Значит, думаю, заподозрили, что я на них жалуюсь, и звонят, чтобы оправдаться: немку отвергли.
Оказалось — ничего подобного: звонят, чтобы сказать, что берут меня на попечение. Им, по просьбе Андрея Дмитриевича Сахарова, позвонил из Москвы посол США и просил оказать мне внимание.
Идти в Венский университет мне не понадобилось.
Андрей Дмитриевич и Елена Георгиевна, заботясь о моей судьбе, знали, что правда — моя религия, и что евреям я скажу, что я крещеная лютеранка, а христианам, что в моей крови нет ни капли какой бы то ни было крови помимо той, что текла в жилах Адама и Евы, и, поэтому, никто не возьмет меня на попечение и худо мне будет.
Я прожила на Западе 20 лет. Мне на долю выпало счастье три
месяца быть римлянкой.
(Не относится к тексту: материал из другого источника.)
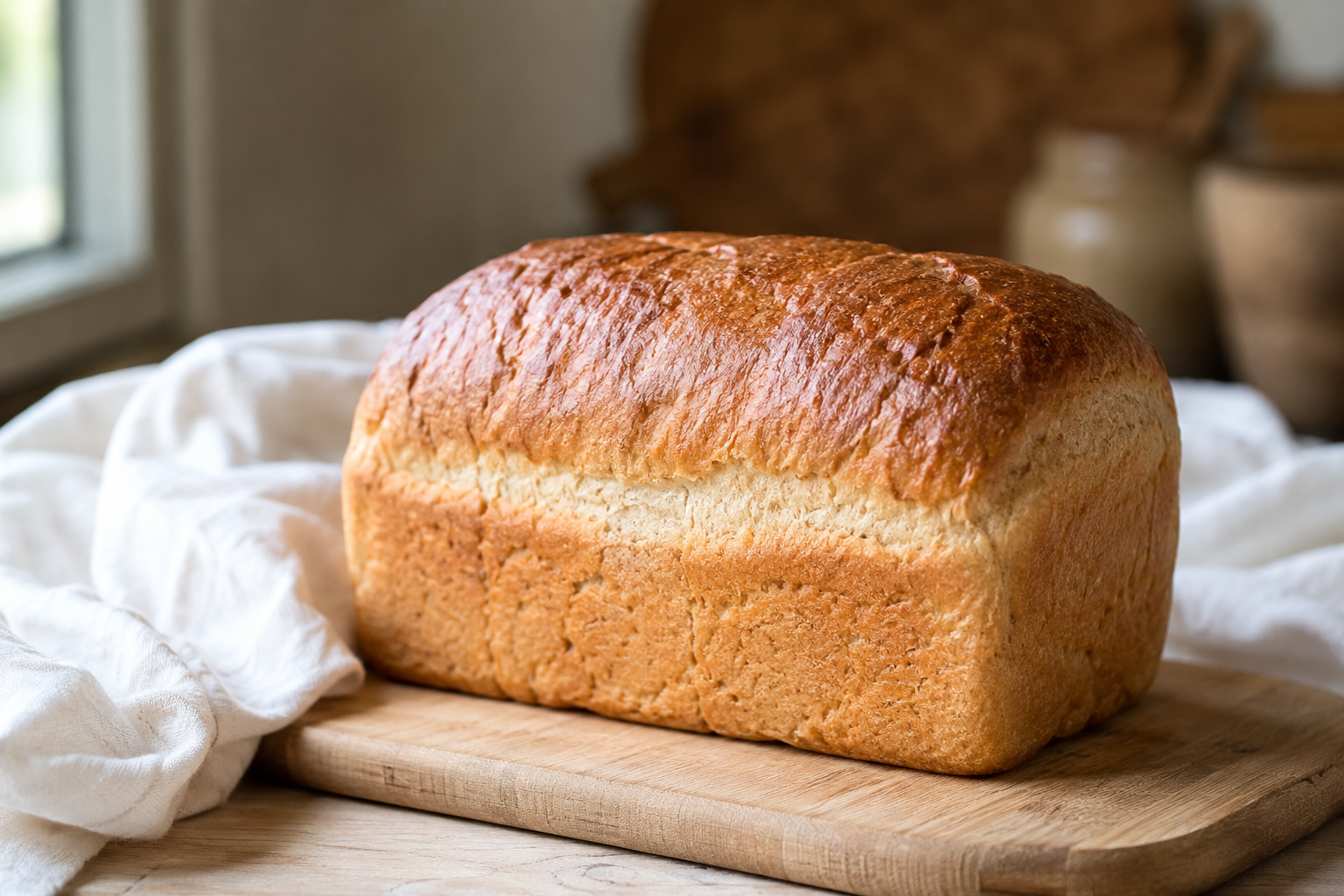 Pan de molde sin gluten esponjoso — receta completa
В «Суховее», говоря о моем знакомстве с
Вернадским, я написала:
«Море, Рим и Вернадский вызывали у меня сходную реакцию. Словно рамки бытия раздвигаются, словно приобщаешься к бессмертию, ощущаешь себя бессмертным. Очень сладостное чувство».
В Римском университете мне посчастливилось продолжить исследования популяций моей плодовой мушки, дрозофилы. Все последующие 20 лет моего пребывания в Штатах и в Западной Германии, где бы я ни была, я «считала мух» и писала книгу воспоминаний, мой «Суховей», книгу, посвященную Андрею Дмитриевичу Сахарову.
Весь свободный мир был потрясен тогда чудовищными сроками заключения и ссылки ученых, причастных к международному правозащитному хельсинскому движению, а пятью годами позже арестом и ссылкой Андрея Дмитриевича Сахарова, лауреата Нобелевской премии защитникам мира, единственного общественного деятеля, который на предложение ЦК КПСС публично одобрить ввод войск в Афганистан ответил осуждением преступной акции Кремля.
Директор огромного института при Гарвардском университете в Бостоне, Жорж Уолд, ученый мирового ранга, лауреат Нобелевской премии, привлек меня, еще в мою бытность в Риме, к деятельности возглавляемого им учреждения, главного отдела Amnesty International США.
Я обращалась с просьбой заступиться за правозащитников, попавших в лапы карательной системы Советского Союза, к главам правительств и к тем, кто возглавлял правозащитные организации США, Великобритании, Франции, Германии, Австрии и Ватикана, собирала подписи под обращениями к ним, просила Брежнева, Горбачева, послов Советского Союза не наносить урон престижу своей страны перед западными демократиями.
Где бы он ни был: в Москве, в ссылке в Горьком, я ставила Сахарова в известность о моих действиях. Я не получила ни одного письма от Андрея Дмитриевича, но позже узнала, что он мои письма получал.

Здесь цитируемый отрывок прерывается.